Wir tauschen uns regelmäßig aus. Der Austausch half, den Text besser zu begreifen.
Das Social Translating Projekt 2018 war ein Wendepunkt in meiner Karriere als Übersetzerin. Da konnte ich eine „super Gruppe“ von Menschen aus verschiedenen Ländern kennenlernen. Bis heute bin ich mit den meisten in Kontakt und wir tauschen uns regelmäßig aus. Im Rahmen des ersten Projekts hatten wir zudem die Möglichkeit die Frankfurter Buchmesse zu besuchen. Da ging ein Traum in Erfüllung! Bevor wir uns auf der Buchmesse persönlich trafen, tauschten wir Übersetzer*innen unsere Ideen mit dem Autor auf der Lectory-Plattform aus. Es war eine völlig neue Erfahrung für uns und der Austausch half, den Text besser zu begreifen.
Wie groß ist das Interesse an deutschsprachiger Literatur auf dem Buchmarkt in Sri Lanka im Allgemeinen? Und welches Genre ist besonders gefragt?

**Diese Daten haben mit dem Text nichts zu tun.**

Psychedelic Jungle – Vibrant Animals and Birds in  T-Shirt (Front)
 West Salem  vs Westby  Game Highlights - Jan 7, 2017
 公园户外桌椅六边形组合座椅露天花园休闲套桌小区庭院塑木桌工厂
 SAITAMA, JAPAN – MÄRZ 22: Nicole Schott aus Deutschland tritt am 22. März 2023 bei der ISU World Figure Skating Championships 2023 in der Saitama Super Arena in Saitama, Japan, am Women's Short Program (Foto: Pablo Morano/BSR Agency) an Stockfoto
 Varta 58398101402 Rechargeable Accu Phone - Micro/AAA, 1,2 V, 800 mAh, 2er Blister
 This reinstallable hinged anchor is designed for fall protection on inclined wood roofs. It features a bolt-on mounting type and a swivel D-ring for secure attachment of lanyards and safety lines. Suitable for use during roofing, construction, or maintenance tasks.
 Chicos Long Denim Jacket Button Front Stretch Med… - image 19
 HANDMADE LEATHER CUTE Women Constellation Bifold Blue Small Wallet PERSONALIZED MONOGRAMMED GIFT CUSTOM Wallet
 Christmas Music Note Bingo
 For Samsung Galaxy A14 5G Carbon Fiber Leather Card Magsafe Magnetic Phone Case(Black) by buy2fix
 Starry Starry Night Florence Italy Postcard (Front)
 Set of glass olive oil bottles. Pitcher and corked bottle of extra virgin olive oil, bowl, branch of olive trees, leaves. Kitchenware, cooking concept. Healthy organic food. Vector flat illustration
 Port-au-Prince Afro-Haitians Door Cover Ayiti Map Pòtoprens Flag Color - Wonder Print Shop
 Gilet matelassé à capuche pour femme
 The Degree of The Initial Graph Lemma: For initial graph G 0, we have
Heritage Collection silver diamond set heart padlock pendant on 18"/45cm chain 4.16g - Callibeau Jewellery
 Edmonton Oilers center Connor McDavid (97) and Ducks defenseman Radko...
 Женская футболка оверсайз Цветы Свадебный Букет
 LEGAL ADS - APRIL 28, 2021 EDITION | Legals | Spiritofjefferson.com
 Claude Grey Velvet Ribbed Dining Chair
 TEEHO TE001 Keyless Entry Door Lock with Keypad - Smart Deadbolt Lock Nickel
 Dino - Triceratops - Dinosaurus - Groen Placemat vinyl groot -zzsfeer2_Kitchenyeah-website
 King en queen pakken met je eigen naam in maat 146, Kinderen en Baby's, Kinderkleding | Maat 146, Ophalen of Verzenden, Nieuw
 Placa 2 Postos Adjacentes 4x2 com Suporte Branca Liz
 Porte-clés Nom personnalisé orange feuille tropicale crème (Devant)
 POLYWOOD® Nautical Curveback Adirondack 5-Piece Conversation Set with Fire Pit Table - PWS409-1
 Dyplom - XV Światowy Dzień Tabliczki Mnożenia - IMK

Auf dem Buchmarkt in Sri Lanka dominieren nach wie vor die Übersetzungen aus dem Englischen. Manche Titel im deutschen Original stammen aus Übersetzungen aus dem Englischen ins Singhalesische. Beliebte Themen sind Deutsche Gegenwartsromane, Literatur über die Zeit des Zweiten Weltkrieges, Adolf Hitler und die Nazizeit, Migration in Deutschland. Deutsche Kurzgeschichten und Märchen sind ebenfalls gefragt. Viele Leser, die über Fremdsprachenkenntnisse verfügen, versuchen Originaltexte zu lesen und ins Singhalesische zu übersetzen, wie etwa Romane aus dem Russischen, Chinesischen, Koreanischen oder Französischen. Manche Autoren, etwa im Bereich der Kinderliteratur oder Kurzgeschichten, schreiben sogar in einer Fremdsprache.